Deploy the gpt-4.1 model
- In the model catalog, search for
gpt-4.1and select it. -
On the model page, select Deploy and deploy the model using the *default settings.
The deployed model will open in the model playground, where it will be selected in the Model drop-down list.
- Note the deployment name (for example, gpt-4.1).
Deploy the gpt-4o-mini model
- In the model playground, in the Model list, select Browse more models.
-
Search for
gpt-4o-mini, and then select it and deploy it.The model is deployed and selected in the model playground.
- Note the deployment name (for example, gpt-4o-mini).
Compare models in the model playground
Now that you have two model deployments, let’s compare them in the playground.

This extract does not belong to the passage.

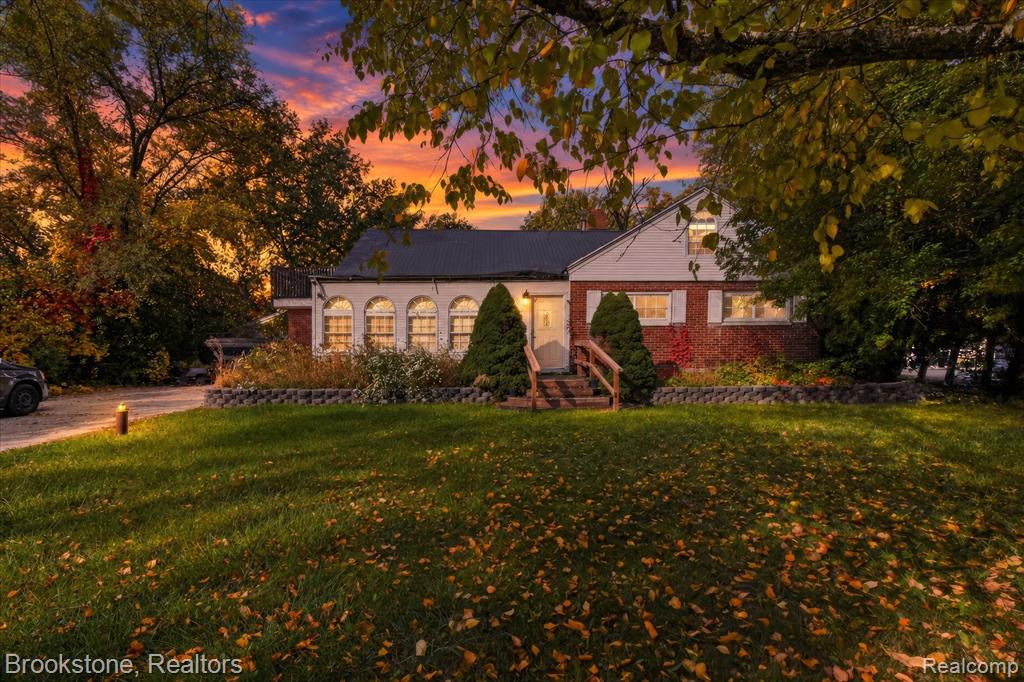 1120 Schust Road — photo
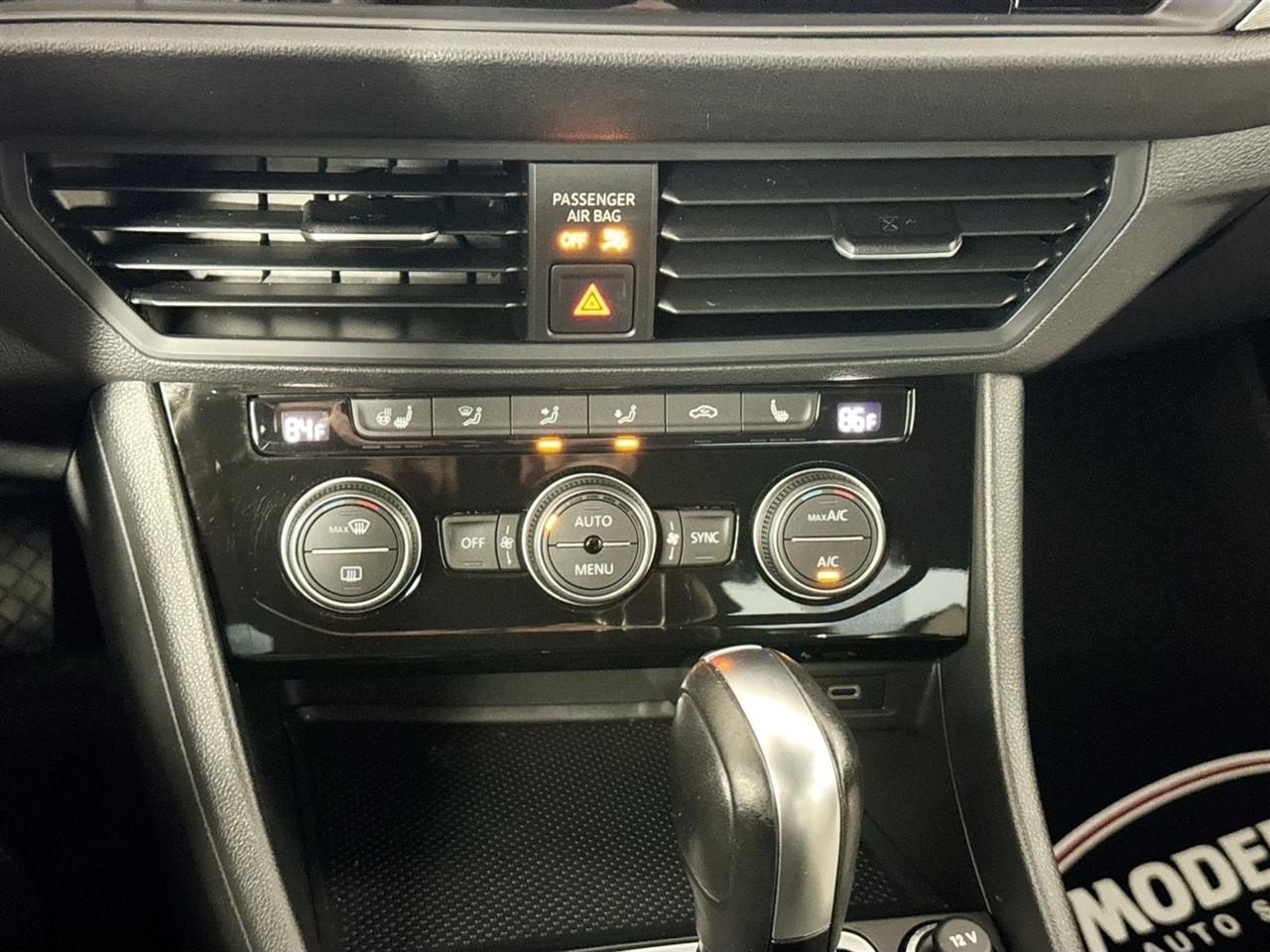 Volkswagen Jetta R-Line Auto 2021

- In the playground, ensure the gpt-4.1-mini model is selected in the Models list, and then on the right side of the page, in the Compare models list, select the gpt-4.1 model.
- Select the Setup tabs for both models, and set the Instructions to
You are an AI assistant that helps solve problems. -
Select the Chat tabs for both models, and enter the following prompt:
I have a fox, a chicken, and a bag of grain that I need to take over a river in a boat. I can only take one thing at a time. If I leave the chicken and the grain unattended, the chicken will eat the grain. If I leave the fox and the chicken unattended, the fox will eat the chicken. How can I get all three things across the river without anything being eaten? -
Submit the prompt and view the responses from both models. Then, enter the following follow-up prompt:
Explain your reasoning. - Compare the responses from each model. Note any differences in accuracy, reasoning quality, and response style.
Clean up
If you’ve finished exploring Microsoft Foundry, you should delete the resources you have created in this exercise to avoid incurring unnecessary Azure costs.
- Open the Azure portal and view the contents of the resource group where you deployed the resources used in this exercise.
- On the toolbar, select Delete resource group.
- Enter the resource group name and confirm that you want to delete it.